The latest head-scratcher is the war that erupted between Pakistan and Afghanistan, former allies. He calls it Abdul against Ahmed.
What the heck is happening? The answer lies in the religion of Islam, which never embraced the nation-state political structure foisted upon Islam out of World War 2. Islam doesn’t haven any foundational understanding of nation states. Instead, there is to be the Caliphate, a unification of Islam believers everywhere under one strongman.

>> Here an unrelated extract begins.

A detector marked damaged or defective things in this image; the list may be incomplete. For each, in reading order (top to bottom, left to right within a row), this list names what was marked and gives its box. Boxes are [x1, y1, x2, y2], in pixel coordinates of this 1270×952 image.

Islamic radical believers want to return to the pristine teachings of Islam; this means, the restoration of the Caliphate. This is what ISIS tried to do when it erupted on scene in 2014 when it seized much of Iraq and parts of Syria. Their plan? To steamroll militarily the unification of all Muslims states under their rule — subsequently to conquer the whole world in the name of Islam.

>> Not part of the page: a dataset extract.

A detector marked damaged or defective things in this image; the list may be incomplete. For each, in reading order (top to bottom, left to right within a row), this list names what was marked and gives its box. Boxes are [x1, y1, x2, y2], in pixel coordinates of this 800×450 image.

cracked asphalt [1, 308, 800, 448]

ISIS got swatted down. So too did Saddam Hussein, the Iraqi dictator who invaded Kuwait in 1990. This is what Iran has sought to do by spreading terror to Hamas, Yemen, Syria and Iraq.
And this is the reason why the ISIS-K, a splinter group of the old ISIS state, in Afghanistan is attacking parts of Pakistan that are their same tribe irrespective of arbitrarily drawn nation state lines after WW2. These lines were so arbitrary that people groups were cut in half, and some people groups, like the Kurds, got no piece of the pie.

And so it is. The Pakistanis are getting revenge on the Taliban, supposedly harboring ISIS K, who claimed responsibility for detonating a bomb at a Shi’ite Mosque in Islamabad Feb. 6, killing 32 and injuring 170. ISIS K is Sunni Islam, but so is Pakistan (with Shia as a minority group). (Sunnis and Shia see each other as heretics and often resort to violence to “purify” Islam.)
Pakistan is playing the nation-state game, not the Caliphate game. Afghanistan wants to restore the Caliphate under its rule.
(The last time the Caliphate was seen was the Ottoman Empire based in Turkey, which was crushed by British colonizers.)
All of this confusing muddle causes Tousi to cackle. As a sufferer under stringent and militant Islam in iran, he emigrated to the United Kingdom, embraced freedom and Christianity. He gives unique and knowledgeable insights into the region. He has no respect for the fanatics who carry out mayhem worldwide, so he calls them Beardy Weirdies.